◆ TASK PROMPT: Print the entries exactly as they appear, and omit any images.

Records drawn from a dataset:

--- START ---

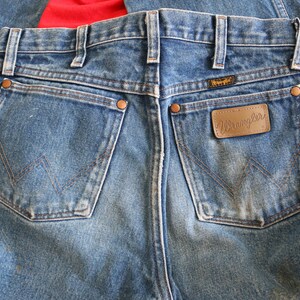 May include: A pair of blue denim jeans with a brown leather patch that says "Wrangler" on the back pocket.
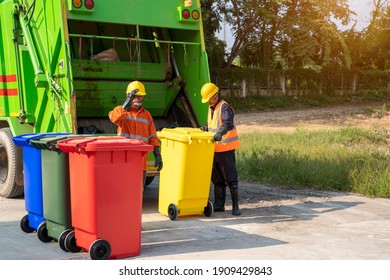 Two Refuse Collection Workers Loading Garbage For Trash Removal.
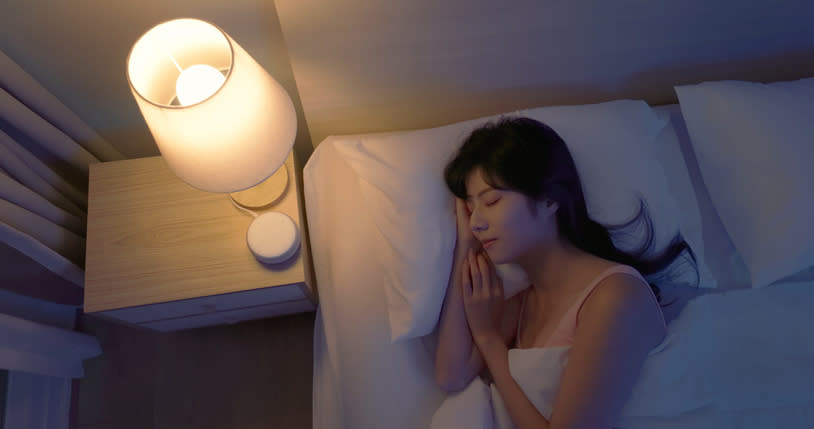 Woman sleeping peacefully beside a glowing bedside lamp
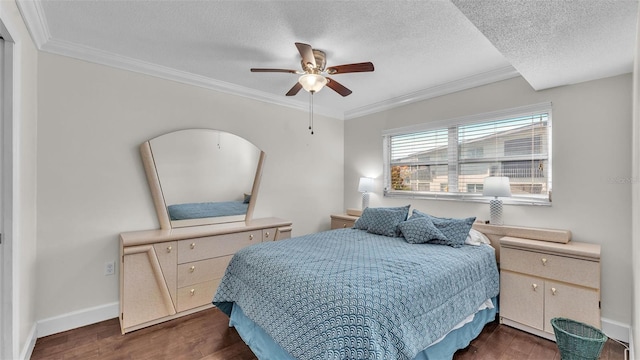 bedroom featuring dark wood-style floors, baseboards, ornamental molding, and a textured ceiling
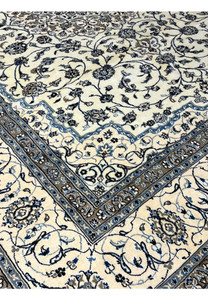 Close-up of 10' x 13'2 Persian Nain 9LA Rug corner with interlocking floral border and ivory-blue color contrast.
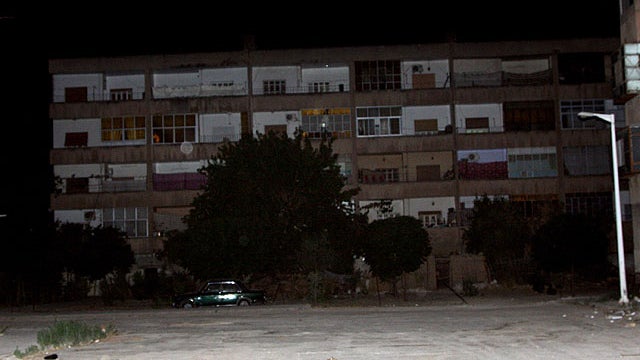 In this photo taken during a government organized tour, buildings are deserted in the central city of Hama, Syria, Sunday, Aug. 7, 2011.  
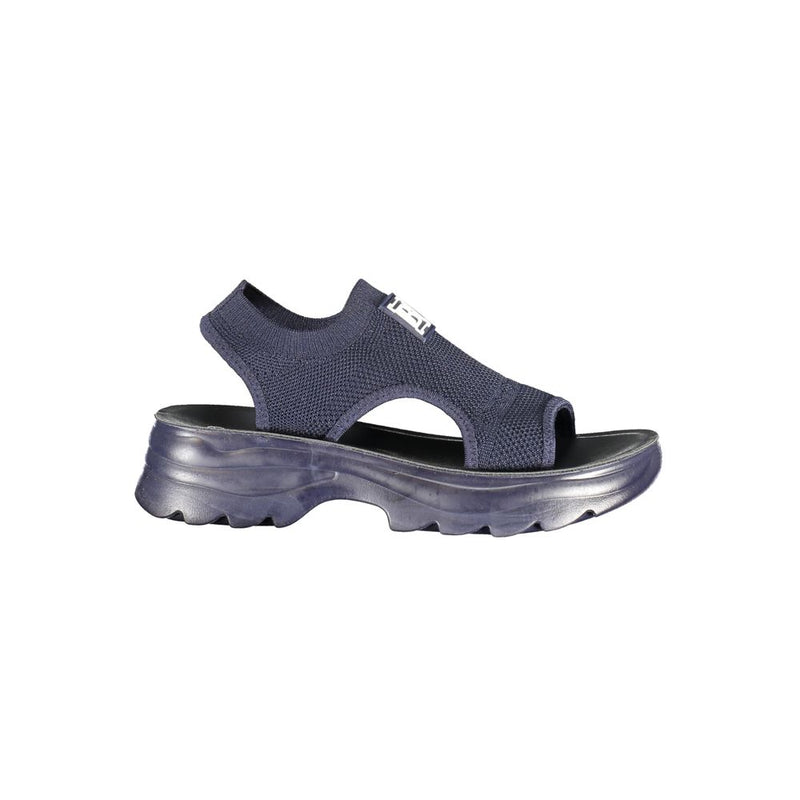 Blue knit polyester platform sandal with a chunky lug sole and branded strap detail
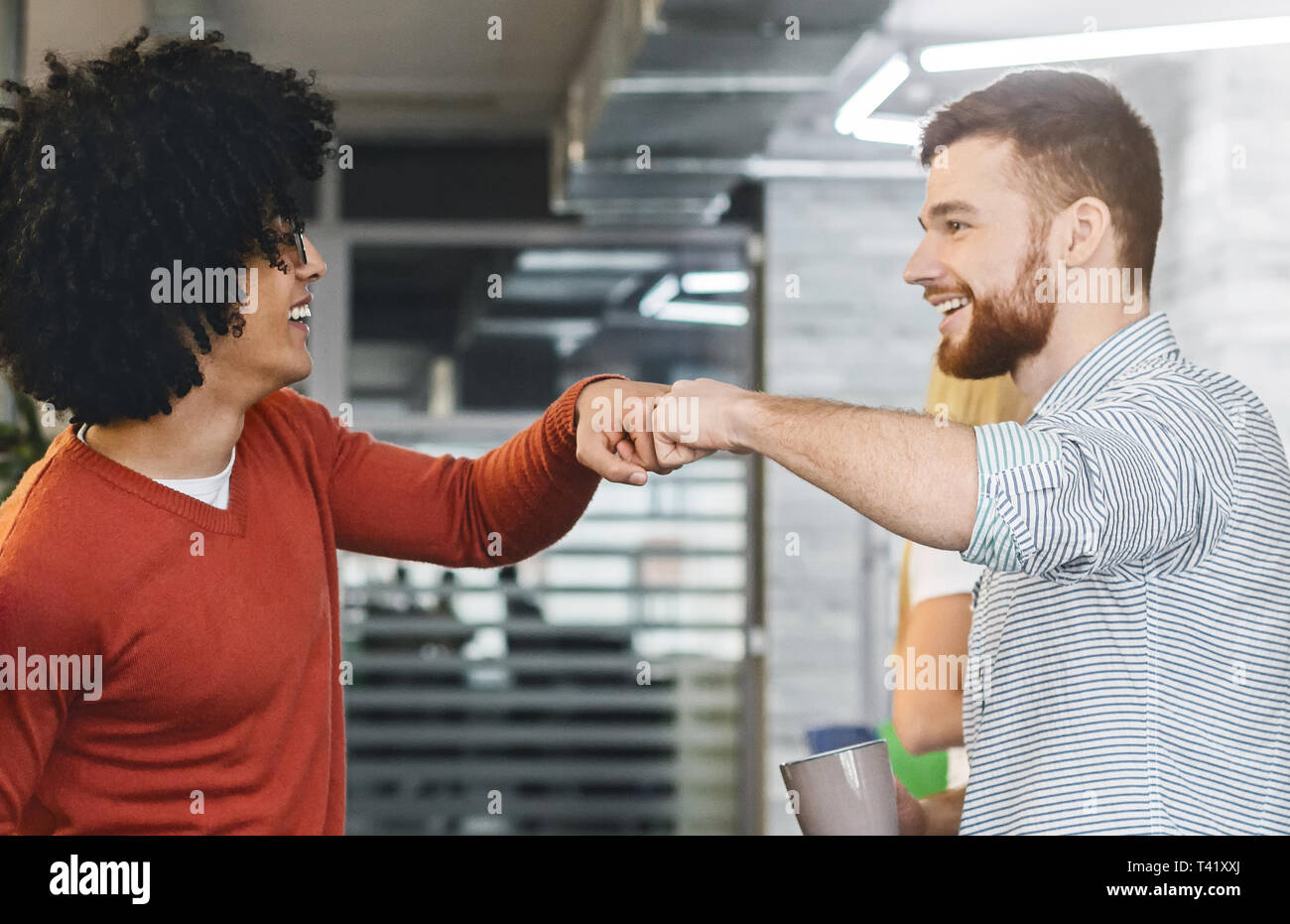 Friendly men coworkers having agreement, givint fist bump Stock Photo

--- END ---

◆ RESPONSE TO THE TASK:
 May include: A pair of blue denim jeans with a brown leather patch that says "Wrangler" on the back pocket.
 Two Refuse Collection Workers Loading Garbage For Trash Removal.
 Woman sleeping peacefully beside a glowing bedside lamp
 bedroom featuring dark wood-style floors, baseboards, ornamental molding, and a textured ceiling
 Close-up of 10' x 13'2 Persian Nain 9LA Rug corner with interlocking floral border and ivory-blue color contrast.
 In this photo taken during a government organized tour, buildings are deserted in the central city of Hama, Syria, Sunday, Aug. 7, 2011.  
 Blue knit polyester platform sandal with a chunky lug sole and branded strap detail
 Friendly men coworkers having agreement, givint fist bump Stock Photo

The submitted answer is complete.